# Smoked Salmon Belly



## cmayna (Jan 28, 2022)

Here’s some Salmon belly pieces I threw into my MES40 yesterday.  Oh and  those couple large dark chunks on the middle rack are Albacore belly pieces that wanted to go along for the ride.  Can't say no.

7 hours of dry brine
2 hours of rince & room dry
4.5 hours of smoke with Alder and then Apple pellets, starting at 125* and ending at 140ish.


----------



## SmokinAl (Jan 28, 2022)

You are definitely the salmon king.
We eat a lot of salmon, and yours always looks excellent!
Al


----------



## cmayna (Jan 28, 2022)

Thanks Al,  gave some to a couple neighbors who went crazy over it.  Made my day, indeed.   Now to see what's next to smoke.......


----------



## bauchjw (Jan 29, 2022)

Wow!
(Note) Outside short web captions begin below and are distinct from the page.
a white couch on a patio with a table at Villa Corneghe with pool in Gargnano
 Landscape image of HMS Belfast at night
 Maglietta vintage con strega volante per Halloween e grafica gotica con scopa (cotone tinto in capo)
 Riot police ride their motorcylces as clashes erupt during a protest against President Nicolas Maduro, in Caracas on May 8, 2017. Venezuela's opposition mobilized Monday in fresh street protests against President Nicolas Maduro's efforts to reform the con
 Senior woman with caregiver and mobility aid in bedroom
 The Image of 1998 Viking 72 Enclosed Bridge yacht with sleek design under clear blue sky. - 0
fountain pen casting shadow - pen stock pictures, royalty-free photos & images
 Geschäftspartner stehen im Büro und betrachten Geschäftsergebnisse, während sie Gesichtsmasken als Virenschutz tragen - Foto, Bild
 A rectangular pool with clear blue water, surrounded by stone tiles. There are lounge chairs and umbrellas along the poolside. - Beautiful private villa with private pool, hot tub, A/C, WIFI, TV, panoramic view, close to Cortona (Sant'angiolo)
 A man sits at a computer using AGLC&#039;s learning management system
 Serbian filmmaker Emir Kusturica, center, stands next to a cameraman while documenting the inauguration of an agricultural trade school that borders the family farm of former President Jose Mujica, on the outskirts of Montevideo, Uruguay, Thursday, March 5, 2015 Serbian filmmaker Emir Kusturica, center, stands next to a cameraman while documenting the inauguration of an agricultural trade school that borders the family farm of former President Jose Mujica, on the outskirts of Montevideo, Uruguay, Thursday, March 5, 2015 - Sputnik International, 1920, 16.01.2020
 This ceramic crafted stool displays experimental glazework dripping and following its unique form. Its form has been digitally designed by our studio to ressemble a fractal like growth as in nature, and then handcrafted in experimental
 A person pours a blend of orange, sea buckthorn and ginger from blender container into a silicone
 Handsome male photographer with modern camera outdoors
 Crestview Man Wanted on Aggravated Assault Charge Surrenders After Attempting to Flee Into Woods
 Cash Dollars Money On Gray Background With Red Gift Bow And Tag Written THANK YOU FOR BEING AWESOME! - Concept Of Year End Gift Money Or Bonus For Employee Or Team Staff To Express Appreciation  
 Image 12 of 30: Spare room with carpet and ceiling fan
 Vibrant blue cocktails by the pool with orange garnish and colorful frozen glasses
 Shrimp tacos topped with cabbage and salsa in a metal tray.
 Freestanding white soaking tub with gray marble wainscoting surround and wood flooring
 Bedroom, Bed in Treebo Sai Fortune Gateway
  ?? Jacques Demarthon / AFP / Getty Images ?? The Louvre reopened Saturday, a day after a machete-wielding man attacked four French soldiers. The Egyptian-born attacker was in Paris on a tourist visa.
Those look incredible, I’m sure your neighbors stay friendly!


----------



## thirdeye (Jan 29, 2022)

I really like the belly strips too.


----------



## poacherjoe (Apr 11, 2022)

And the brine recipe is ????


----------



## WaterinHoleBrew (Apr 11, 2022)

Thanks 

 poacherjoe
 for bumping this back up… 
That salmon looks phenomenal Craig!


----------



## Bearcarver (Apr 11, 2022)

Definitely My Goto on Salmon!!
Looks Fantastic, Craig!!
Like.

Bear


----------



## cmayna (Apr 11, 2022)

poacherjoe said:


> And the brine recipe is ????


Very simple dry brine of a 1/4+ ratio of:
non iodized salt /  Dark brown Sugar

Sometimes my taste buds insists I change it to a 1/5 ratio but typically its  1/4

Cheers


----------